Is WeightedSampler really useful?

Because my dataset is imbalanced, I want to use torch.utils.data.WeightedSampler to sample data. Before do that I did a experiment, and the code is as follow:

import torch
from torch.utils.data.sampler import Sampler
from torch.utils.data import TensorDataset as dset

batch_size = 5
inputs = torch.randn(15,2)
# print(inputs)
target = torch.floor(4*torch.rand(15))
print(target)
trainData = dset(inputs, target)

count_labels = [sum(target==i) for i in range(4)]
print(count_labels)

num_sample = len(inputs)
weight = 1.0/torch.Tensor(count_labels).clone().detach()
print(weight)
sampler = torch.utils.data.sampler.WeightedRandomSampler(weight, num_sample)
trainLoader = torch.utils.data.DataLoader(trainData, batch_size , shuffle=False, sampler=sampler)

The output is

tensor([0., 1., 3., 3., 2., 2., 0., 2., 1., 3., 2., 2., 2., 2., 3.])
[tensor(2, dtype=torch.uint8), tensor(2, dtype=torch.uint8), tensor(7, dtype=torch.uint8), tensor(4, dtype=torch.uint8)]
tensor([0.5000, 0.5000, 0.1429, 0.2500])

Then I iterate load data in the following way:

print("load data")
for epoch in range(5):
    for i, (inp, tar) in enumerate(trainLoader):
        print(f"Epoch:{epoch} step:{i} target:{tar}")

The result as follows:
image

No matter how many times I tried, class 2 is never sampled.
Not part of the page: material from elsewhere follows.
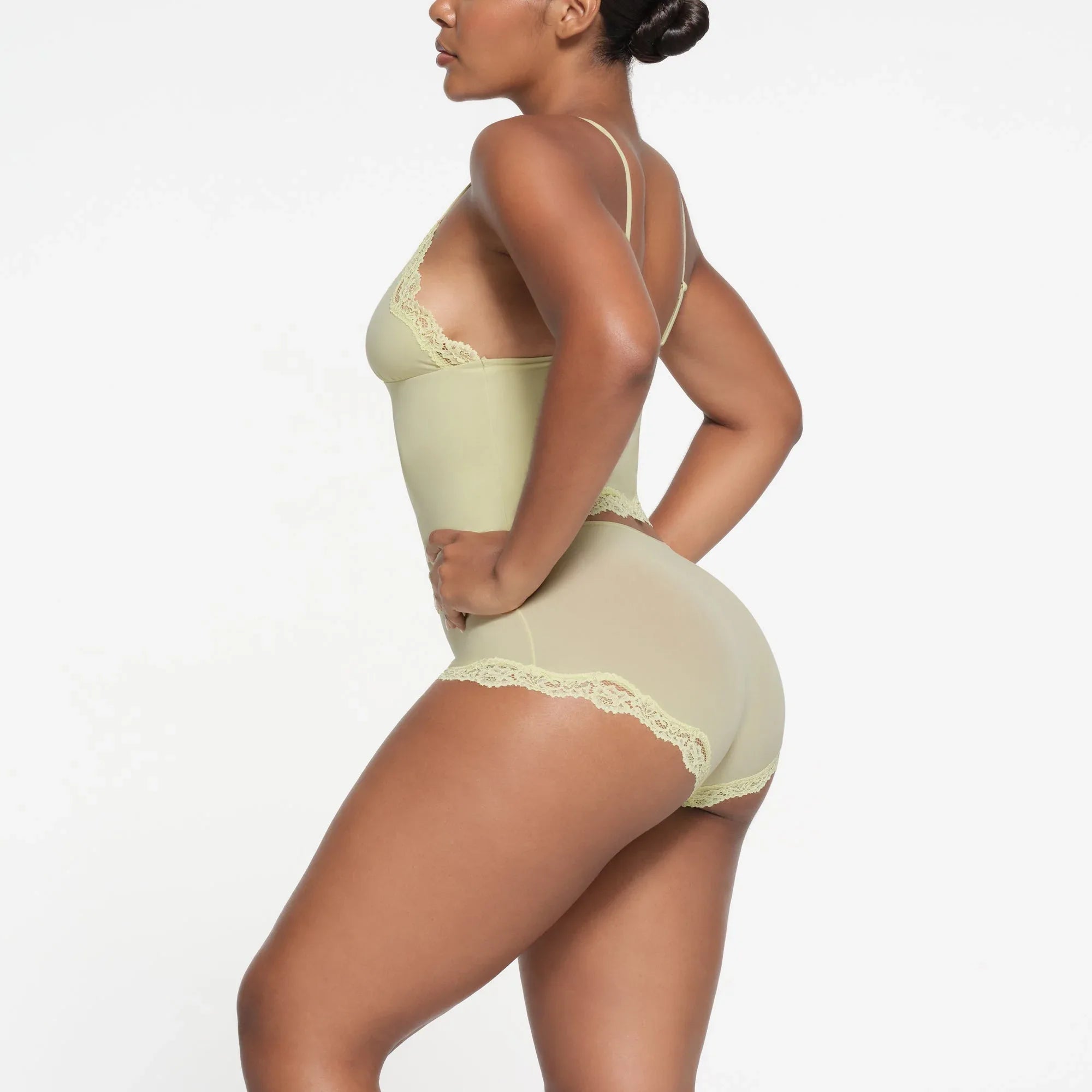 SKIMS FITS EVERYBODY LACE TRIANGLE CAMI | SAGE - TİŞÖRT - My Suti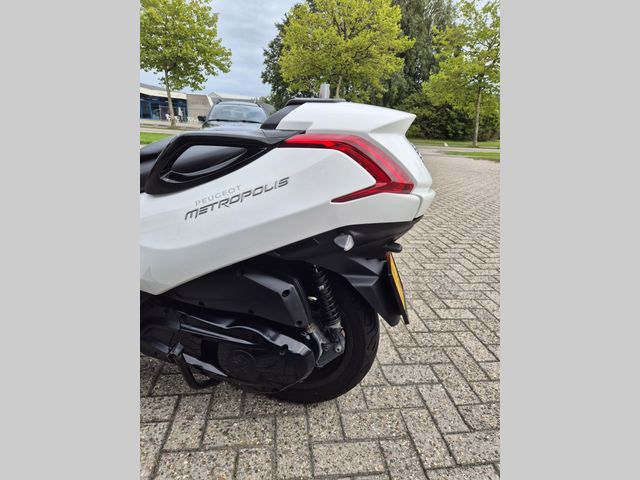 peugeot - metropolis-400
I wonder whether my code is wrong or the WeightedSampler is wrong?

The weight should provide a weight for each sample, while in your code it looks like you are trying to pass class weights.
Have a look at this example on how to use the WeightedRandomSampler.

3 Likes

Hi, ptrblck

In the code above, is there anything wrong about datatype conversion?
I just remove .clone().detach() on weight and add .numpy() to weight then pass to sampler, it works fine.
And the Pytorch raise a UserWarning when I run the snippet above:

UserWarning: To copy construct from a tensor, it is recommended to use sourceTensor.clone().detach() or sourceTensor.clone().detach().requires_grad_(True), rather than torch.tensor(sourceTensor).

Does WeightedRandomSampler works only fine with numpy array?

1 Like

This warning seems to be related to this issue and should be fixed in the current master (and nightly builds). :wink:

1 Like

That’s very kind.

What I am confused about is should we pass a numpy.array to the WeightRandomSampler, since in the snippet above it pass a sequence which wrap tensor to the sampler and it didn’t work.

Thanks in advance.

In the code snipper, weight should be a tensor and should work fine.
You can ignore the warning, since the code still will work.

Could you print the sequence of tensors which is not working?

Oh, thank you very much, it was my problem misunderstanding about the weight you have mentioned in your above post.